Work to complete: Starting at the line holding "Welcome back. We're" and finishing at the line holding "And that's multiple", transcribe the material exactly, keeping both ends but no pictures.

The data START

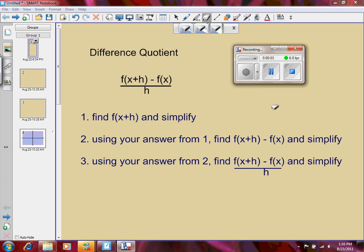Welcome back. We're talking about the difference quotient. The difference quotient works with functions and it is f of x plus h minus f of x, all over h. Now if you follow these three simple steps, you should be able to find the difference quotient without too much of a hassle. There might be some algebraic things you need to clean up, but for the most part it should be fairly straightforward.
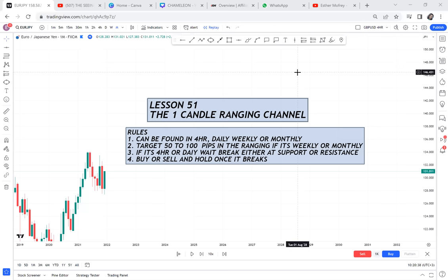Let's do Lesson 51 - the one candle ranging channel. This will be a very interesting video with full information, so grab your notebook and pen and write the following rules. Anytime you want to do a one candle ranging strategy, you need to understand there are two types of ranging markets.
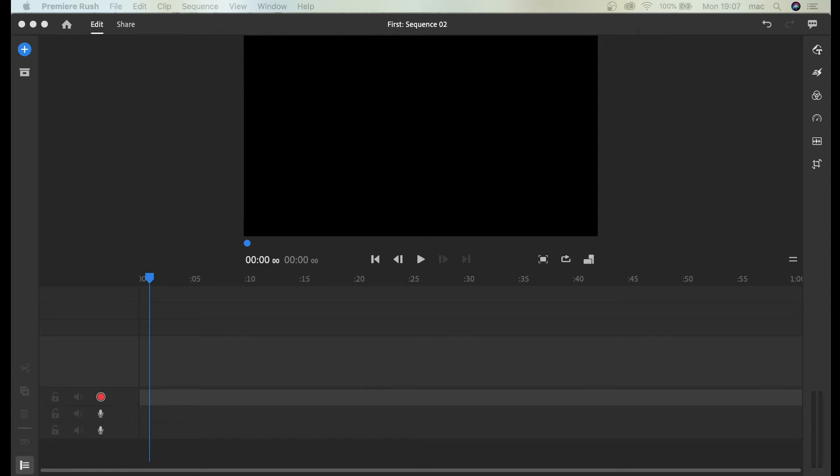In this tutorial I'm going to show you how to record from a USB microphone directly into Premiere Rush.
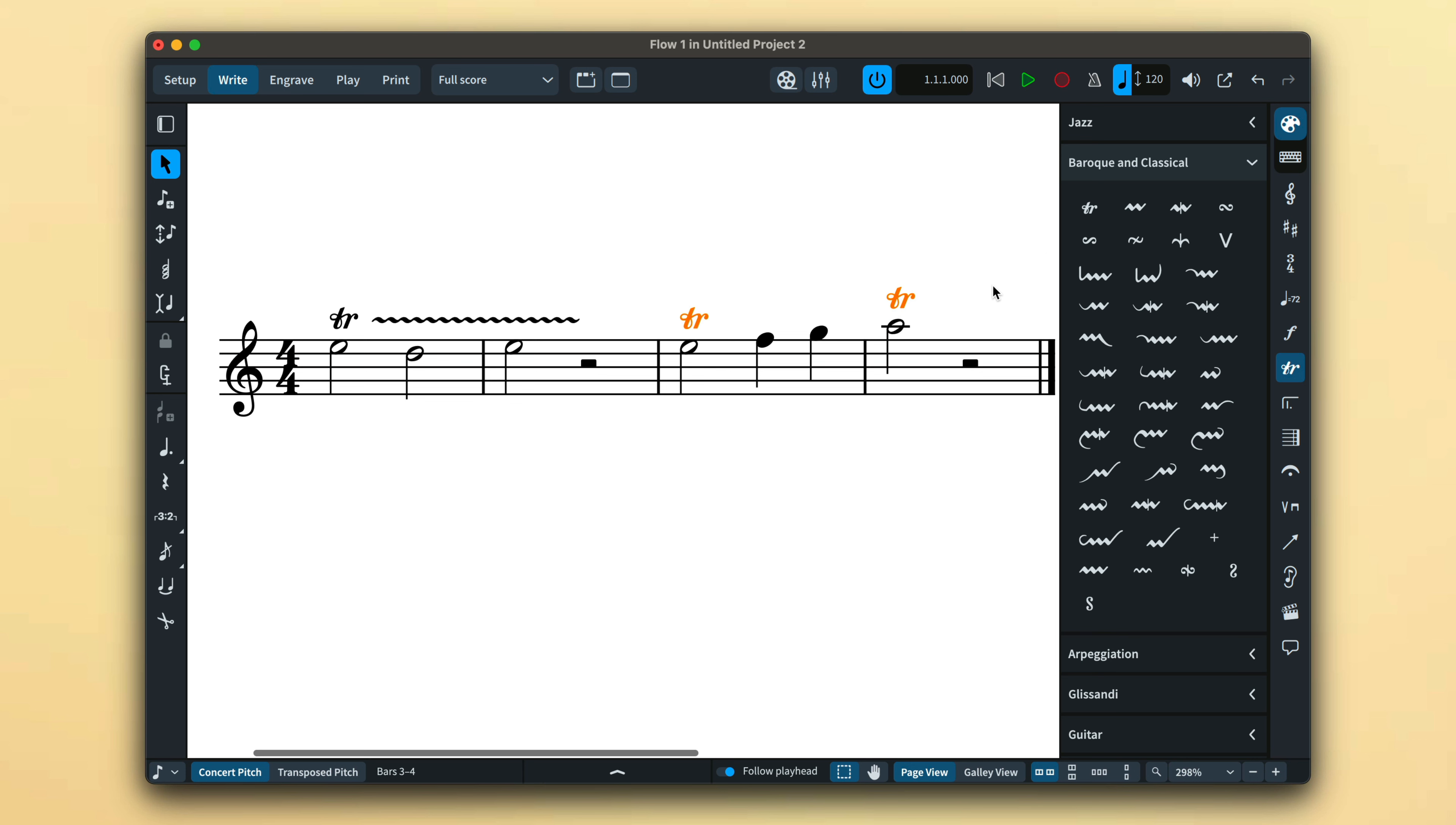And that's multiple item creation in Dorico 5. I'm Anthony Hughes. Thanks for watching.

The data END
The data START

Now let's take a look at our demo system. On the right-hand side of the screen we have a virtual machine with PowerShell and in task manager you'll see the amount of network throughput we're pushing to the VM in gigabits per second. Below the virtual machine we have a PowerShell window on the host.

The data END

Answer section:
Welcome back. We're talking about the difference quotient. The difference quotient works with functions and it is f of x plus h minus f of x, all over h. Now if you follow these three simple steps, you should be able to find the difference quotient without too much of a hassle. There might be some algebraic things you need to clean up, but for the most part it should be fairly straightforward.
Let's do Lesson 51 - the one candle ranging channel. This will be a very interesting video with full information, so grab your notebook and pen and write the following rules. Anytime you want to do a one candle ranging strategy, you need to understand there are two types of ranging markets.
In this tutorial I'm going to show you how to record from a USB microphone directly into Premiere Rush.
And that's multiple item creation in Dorico 5. I'm Anthony Hughes. Thanks for watching.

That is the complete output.